→ **TASK DETAILS**
Return each line of the records below in which the string "Toyota" turns up.

Stored records
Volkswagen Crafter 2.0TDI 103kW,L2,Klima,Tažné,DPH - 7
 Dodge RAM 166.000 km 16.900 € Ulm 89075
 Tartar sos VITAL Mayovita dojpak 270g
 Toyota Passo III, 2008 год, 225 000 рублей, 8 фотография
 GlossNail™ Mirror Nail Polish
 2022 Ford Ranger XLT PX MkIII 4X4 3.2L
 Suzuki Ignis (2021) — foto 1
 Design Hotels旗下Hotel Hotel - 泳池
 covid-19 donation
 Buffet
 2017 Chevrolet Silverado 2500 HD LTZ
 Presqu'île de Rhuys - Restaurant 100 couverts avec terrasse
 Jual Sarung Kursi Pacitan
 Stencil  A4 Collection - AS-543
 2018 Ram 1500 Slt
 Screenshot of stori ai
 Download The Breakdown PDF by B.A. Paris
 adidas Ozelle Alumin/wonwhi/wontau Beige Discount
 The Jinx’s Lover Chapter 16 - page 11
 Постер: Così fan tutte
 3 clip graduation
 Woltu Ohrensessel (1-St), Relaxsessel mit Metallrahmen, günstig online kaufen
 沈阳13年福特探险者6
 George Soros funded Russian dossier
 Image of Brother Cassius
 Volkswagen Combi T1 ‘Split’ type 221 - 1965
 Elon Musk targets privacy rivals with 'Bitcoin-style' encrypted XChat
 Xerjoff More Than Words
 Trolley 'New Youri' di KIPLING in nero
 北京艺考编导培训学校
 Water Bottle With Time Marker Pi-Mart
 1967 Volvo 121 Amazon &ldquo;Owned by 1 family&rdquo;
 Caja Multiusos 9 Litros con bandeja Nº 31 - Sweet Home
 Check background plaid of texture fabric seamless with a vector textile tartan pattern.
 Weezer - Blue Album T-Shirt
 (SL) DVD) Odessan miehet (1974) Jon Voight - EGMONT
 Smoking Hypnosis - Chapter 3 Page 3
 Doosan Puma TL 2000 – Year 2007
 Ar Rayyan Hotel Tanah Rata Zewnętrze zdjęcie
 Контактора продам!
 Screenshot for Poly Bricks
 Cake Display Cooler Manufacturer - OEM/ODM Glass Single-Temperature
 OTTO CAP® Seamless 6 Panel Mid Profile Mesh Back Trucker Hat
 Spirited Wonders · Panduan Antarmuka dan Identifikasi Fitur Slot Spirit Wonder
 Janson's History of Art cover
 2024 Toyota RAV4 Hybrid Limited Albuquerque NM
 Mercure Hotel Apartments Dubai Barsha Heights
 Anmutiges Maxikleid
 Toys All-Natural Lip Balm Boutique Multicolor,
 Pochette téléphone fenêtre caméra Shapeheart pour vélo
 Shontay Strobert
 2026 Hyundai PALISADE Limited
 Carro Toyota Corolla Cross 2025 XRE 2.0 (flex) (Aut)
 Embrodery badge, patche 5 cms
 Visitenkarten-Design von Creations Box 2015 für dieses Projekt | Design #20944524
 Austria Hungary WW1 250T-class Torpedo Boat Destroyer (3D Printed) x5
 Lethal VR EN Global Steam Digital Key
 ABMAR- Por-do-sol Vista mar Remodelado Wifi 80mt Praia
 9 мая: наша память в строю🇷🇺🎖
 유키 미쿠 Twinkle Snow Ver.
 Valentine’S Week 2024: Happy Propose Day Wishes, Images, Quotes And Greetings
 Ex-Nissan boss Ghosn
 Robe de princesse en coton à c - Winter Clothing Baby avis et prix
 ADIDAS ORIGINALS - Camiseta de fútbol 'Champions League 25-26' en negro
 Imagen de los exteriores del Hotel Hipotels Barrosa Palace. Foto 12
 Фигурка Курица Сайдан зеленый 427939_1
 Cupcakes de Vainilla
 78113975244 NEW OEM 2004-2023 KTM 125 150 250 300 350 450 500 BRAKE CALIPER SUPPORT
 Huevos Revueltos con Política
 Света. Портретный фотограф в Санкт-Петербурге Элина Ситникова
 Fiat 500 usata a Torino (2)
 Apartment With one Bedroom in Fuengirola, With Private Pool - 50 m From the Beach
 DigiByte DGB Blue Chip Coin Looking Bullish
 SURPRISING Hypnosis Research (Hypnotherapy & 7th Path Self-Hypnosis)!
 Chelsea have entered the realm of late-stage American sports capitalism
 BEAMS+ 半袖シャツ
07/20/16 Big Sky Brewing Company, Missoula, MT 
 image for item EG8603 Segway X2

→ **RESPONSE AREA**
 Toyota Passo III, 2008 год, 225 000 рублей, 8 фотография
 2024 Toyota RAV4 Hybrid Limited Albuquerque NM
 Carro Toyota Corolla Cross 2025 XRE 2.0 (flex) (Aut)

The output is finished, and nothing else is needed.